Like the perfect couple, Paul Minnillo and Matt Mytro bring out the best in each other. The two chefs discovered they have great chemistry in the kitchen when Paul hired the younger guy last fall to fill the exec chef spot at Flour, his 9-month-old Moreland Hills restaurant. Evidence for what a good match-up this has proven to be is on the plates they’re sending out. Since the pair started cooking up a storm together, the hours have been extended to include lunch service, and I finally got there last week to sample some of what the new midday winter menu has to offer. If you’re short of time and don’t intend to read all the following paragraphs, let me give you the nutshell summary: Hurry up and go! The food’s marvelous.
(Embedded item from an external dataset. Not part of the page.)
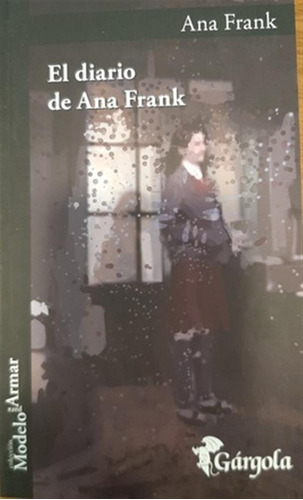 Diario De Ana Frank El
The gray day was considerably brighter after the cara cara citrus salad arrived at the table. The mix of juicy red tinged slices of orange, slivers of white fennel and bright green pea tendrils dressed in a smoked tomato vinaigrette tasted as good as it looked. Same with a small skillet of sweet, meaty chorizo-stuffed dates wrapped in pancetta and surrounded by a smooth, thick roasted red pepper sauce. I loved the dried olives that dotted the chop salad and the choice of Moody blue, a delicate, lightly smoked cheese.
Manila clams and mussels are cooked in the pizza oven, and something wonderful happens to the shellfish in there. They come floating in a parmesan broth with bits of sausage and pickled fennel. It's really an outstanding dish, served with flat bread to soak up all the liquid. Another excellent and season-hearty dish is the Calabrian stew, made with Italian sausage, perfectly tender white beans, parsnips and braised pork shoulder. A paste made from Calabrian chiles, a small spicy pepper from the region, gives a slight and welcome bit of kick.
And then there are the paninis: warm sandwiches that are elevated to something extra special because of what goes into them. Pickled red onions interact deliciously with Minnillo’s sausage and smoked mozzarella. Italian mustard is a nice touch with the housemade mortadella.
But the version that truly had me sighing with pleasure was one made with shredded short ribs. They’re slow simmered, Mytro told me, in chocolate milk (really). He explained that the sugars caramelize as it tenderizes the meat. The result is ridiculously good. Then they tuck it between slices of toasted bread with pancetta, a fried egg and arugula. Bites. Of. Bliss.
I'm happy to report that for those unlikely to visit the restaurant during the day, a number of these items also make an appearance on the dinner menu. But some, like the paninis are lunch-only options. My advice: Take a sick day. It's not a lie. Because no doubt you'll leave Flour feeling much better than when you arrived.